本稿では、日本のポップカルチャーの一つである「かわいい」文化について、「かわいい」の言葉の意味や来歴を探ることで、日本における「かわいい」の特質を明らかにした。さらに、日本と同様に「かわいい」文化が根付いているのではないかと感じた、台湾における「かわいい」の在り方を日本と比較しながら分析することで、そこからみえる文化の違いを考察した。
第1章では、「かわいい」の特質を先行研究や辞書をもとに辿ってきた。「かわいい」が どのように定義されているのかを整理し、「かわいい」の歴史を辿ることで、「かわいい」 は古くから日本に存在する言葉であることが確認できた。そして、「かわいい」の表記に 着目し、記号的特徴や外国語の「かわいい」の意味をもつ単語と比較することで、「かわいい」は日本独自の美的表現を持つ言葉であり、唯一無二の表現言語でもあるという特質が見られた。

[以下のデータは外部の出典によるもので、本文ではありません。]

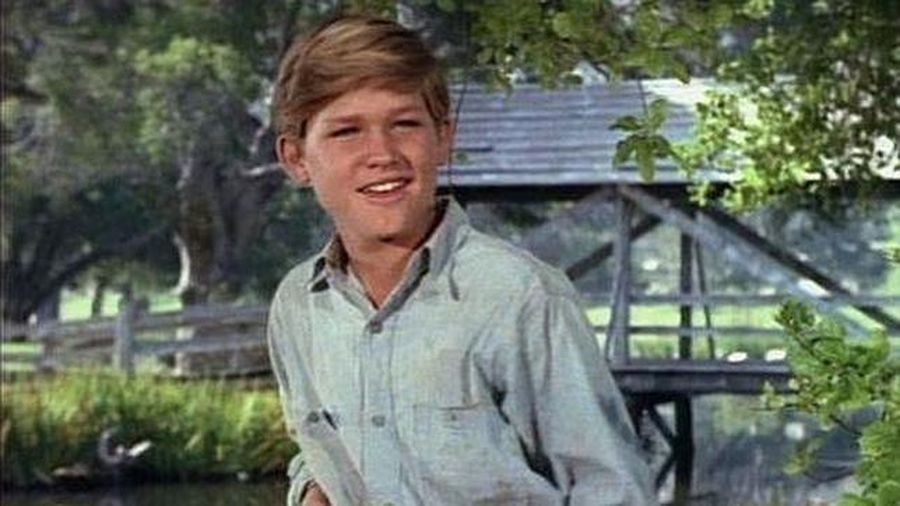 El eterno femenino de una imaginativa pintora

第2章では、「かわいい」がどのような場面や文脈で用いられているのかを探った。表記言語に着目し、Instagramで「#かわいい」「#カワイイ」「#kawaii」「#可愛」と検索した場合に、表示される写真を比較することで、各語の記号的特徴と意味を比較した結果、「#かわいい」「#カワイイ」と「#可愛」にはペットなどが表れる同質性が見られたが、「#kawaii」は「日本」そのものの記号となっていることも明らかになった。また、日本の「かわいい」の歴史を辿りながら日本における「かわいい」の在り方を分析し、特質を明らかにした。

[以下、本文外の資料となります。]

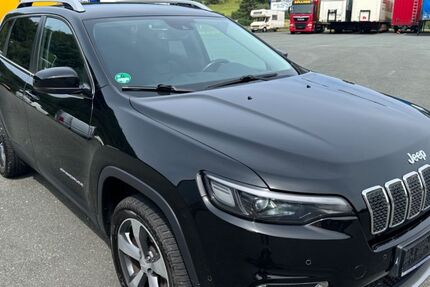 Jeep Cherokee 163.000 km 18.100 &euro; Rudolstadt 07407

第3章では、台湾での「かわいい」の在り方を分析し、使われ方を探ることで日本人と 台湾人の「かわいい」の発信方法に共通点と相違点を確認した。台湾では、政治家のキャラクターグッズが、「カワイイ」によって具象化され、自分自身のナショナルアイデンティティを形成していっている例を取り上げた。日本の「かわいい」文化の変遷を辿り、特質を探ることで日本での「かわいい」の在り方と、台湾での「かわいい」の在り方について分析し、文化の違いについて考察した。「かわいい」という形容詞には、多種多様な使われ方が存在していたが、一貫して「かわいい」でしか言い表せない日本独自の表現言語として存在していた。そして、「かわいい」は、受発信の循環により、「かわいい」の形を変化させながら広がりを見せている。 そして、日本と台湾とでそれぞれの「かわいい」の在り方について分析することで、共通の文化として、「かわいい」文化が存在していることが確認できた。しかしながら、その「かわいい」の在り方には共通点がありながらも、相違点も存在した。同じ「かわいい」でも受容のされ方が異なるのは、「かわいい」物を身に付けることで「かわいい」を表現する日本と「かわいい」を自ら実践し表現する台湾との文化の違いであると考える。

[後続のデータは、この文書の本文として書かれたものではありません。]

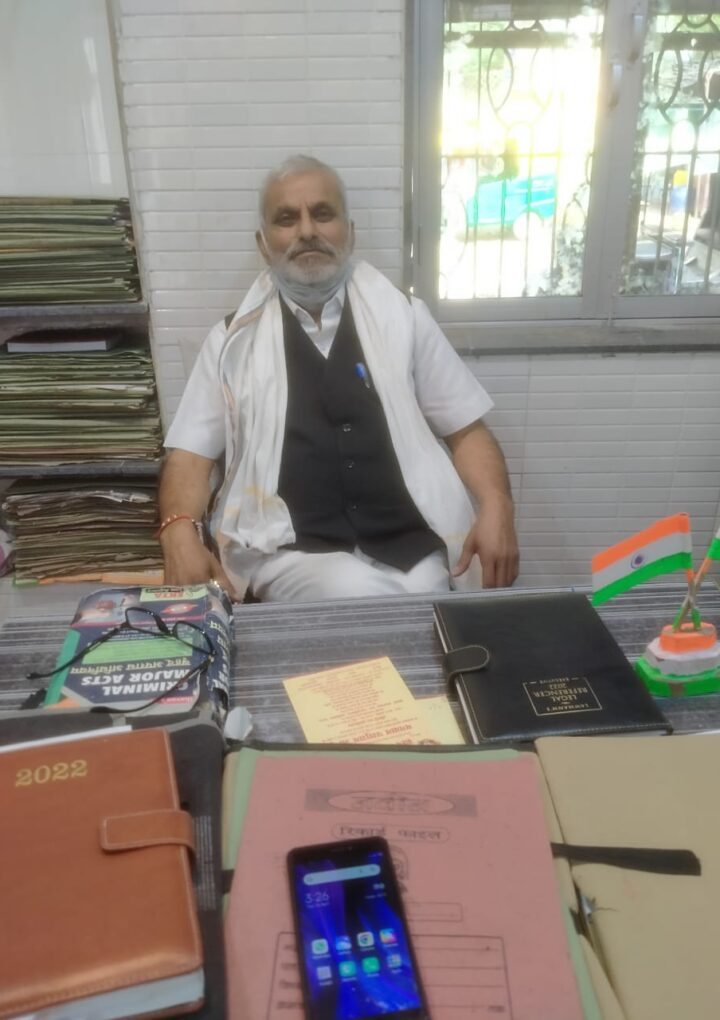 पुस्तकालय की खास्ताहालत को ठीक करा सृजित पदों के सापेक्ष सभी रिक्त पदों की भर्तियां की जाए अशोक जीतू त्रिपाठी एडवोकेट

共通点は、両国ともに「かわいい」と感じる対象を主張する際に用いて「かわいい」を表現している点と、両国において受け身になるだけではなく海外の文化を受け入れながらも、固有の文化を生み出し、新たな「かわいい」を生産している点が挙げられる。これは「かわいい」だけではなく、国の文化にも同じことが言えるだろう。異文化を受け入れる力こそが、日本と台湾の両国にとって自国の色を出す一つの力であるのだろうと考える。
「かわいい」の変遷と同様に、現代社会は凄まじいスピード感を持って進み、様々なものの世界への行き来が激しい。この激流に流されることなく進むためには、異文化を受け入れながら、自分なりの形を生み出すことが重要であると感じた。